The Institute of Fundraising has released a new strategy for equality, diversity and inclusion in the fundraising profession.

The new strategy sets out why change is needed – the business case for equality, diversity and inclusion – and the approach needed to be taken by the Institute and the wider charity sector, to ensure individuals from all backgrounds are recruited, retained and progressed within the sector.

Using evidence it obtained, the IoF and its board of trustees identified four key inequalities to be addressed in the strategy, including:

• Underrepresentation BAME fundraisers
• Underrepresentation of disabled fundraisers
• LGBT+ fundraisers are not always able to be open in the workplace
• Women form the majority of the profession but are not proportionately represented at a senior level.

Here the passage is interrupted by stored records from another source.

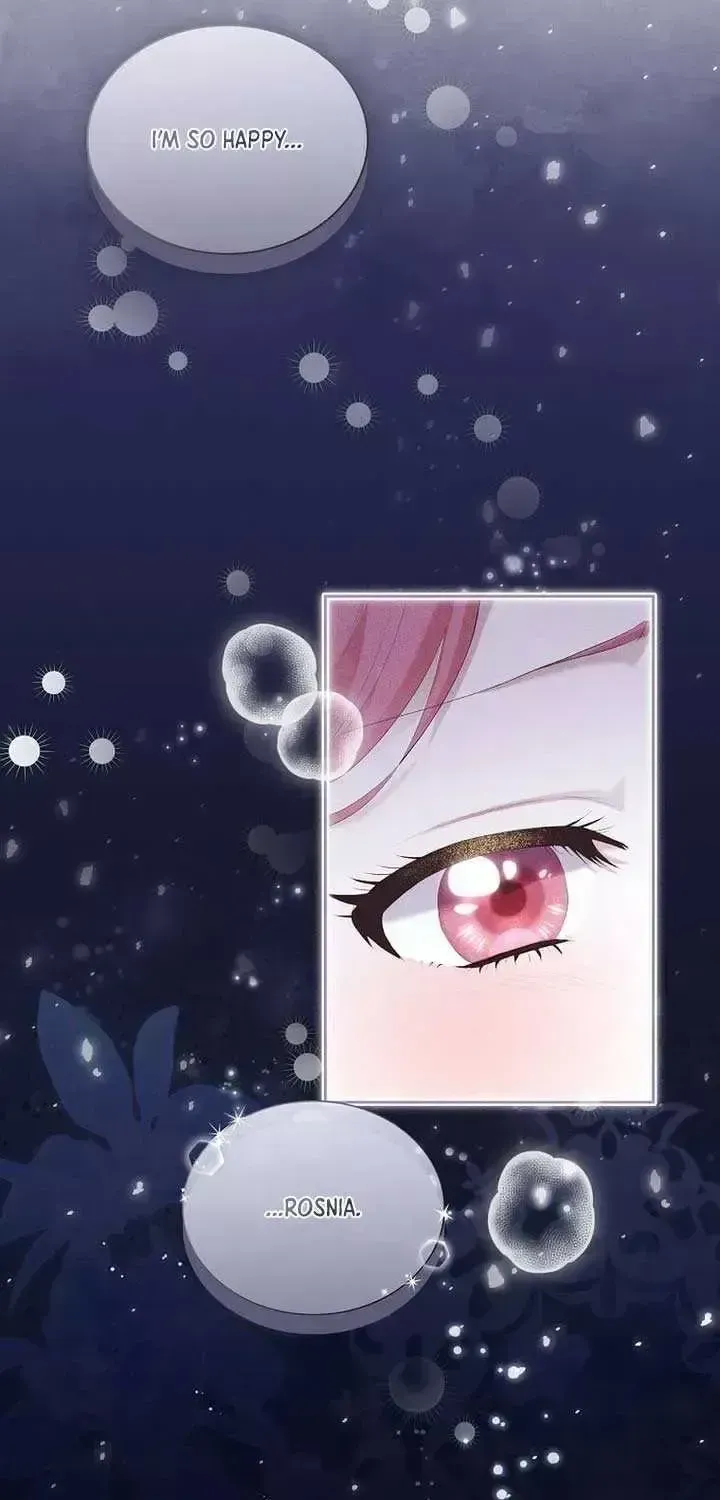 In the Grasp of a Loving Yet Possessive Male Lead Chapter 1.3 page 25 - 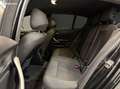 BMW 118 serie 118i 136ch bva m-sport Negro - thumbnail 12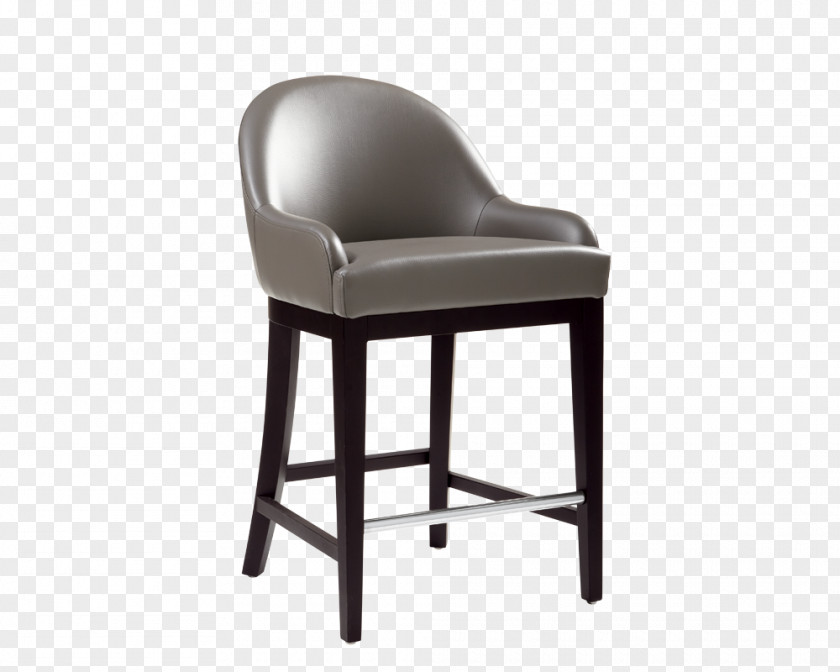 Stool Bar Chair Furniture PNG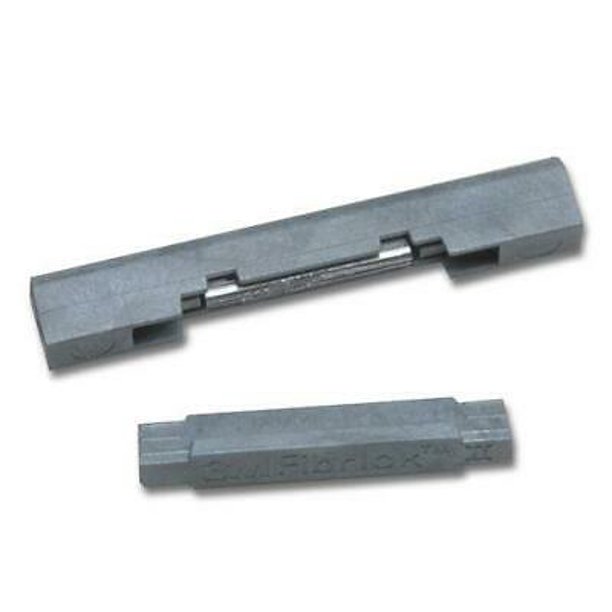 3M 2529 Fibrlok II Universal Optical Fiber Splice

The strategy takes forward the commitments set out in the IoF's Manifesto for Change, identifying 16 initial activities to deliver a more equal, diverse and inclusive profession. Key activities include;

• Commissioning research on the under-representation of BAME fundraisers in the profession, including on the barriers to entry and progression, and research on women in leadership roles.
• Developing an EDI Recruitment Toolkit to help organisations recruit more BAME, disabled and male fundraisers.
• Developing IoF’s approach to Affinity Network and role models for BAME, disabled and LGBT+ fundraisers.

A new Equality, Diversity and Inclusion Committee has been formed by the IoF and will be chaired by IoF trustee, Carol Akiwumi.

It will offer oversight from fundraisers with lived experience and policy experts to advise the IoF and evaluate and monitor progress on this agenda.

Commenting, IoF chair, Amanda Bringans said: “This strategy is a significant landmark in the history of the fundraising profession and of the Institute.

“As chair of the Institute, I am very proud to launch the first ever Equality, Diversity and Inclusion (EDI) Strategy for the fundraising profession, developed by the expert panel, and fully endorsed and adopted by the IoF board of trustees.”

Chair of the Expert Advisory Panel on EDI, Sufina Ahmad added: “To have in one place a succinct but ambitious way forward for making the UK fundraising profession more equal, diverse and inclusive is a huge achievement.

“Individuals and organisations that champion this strategy are showing that they, like the Institute of Fundraising, are committed to working together to take an intersectional approach to addressing the well-known and well-evidenced inequalities that exist in the fundraising profession.”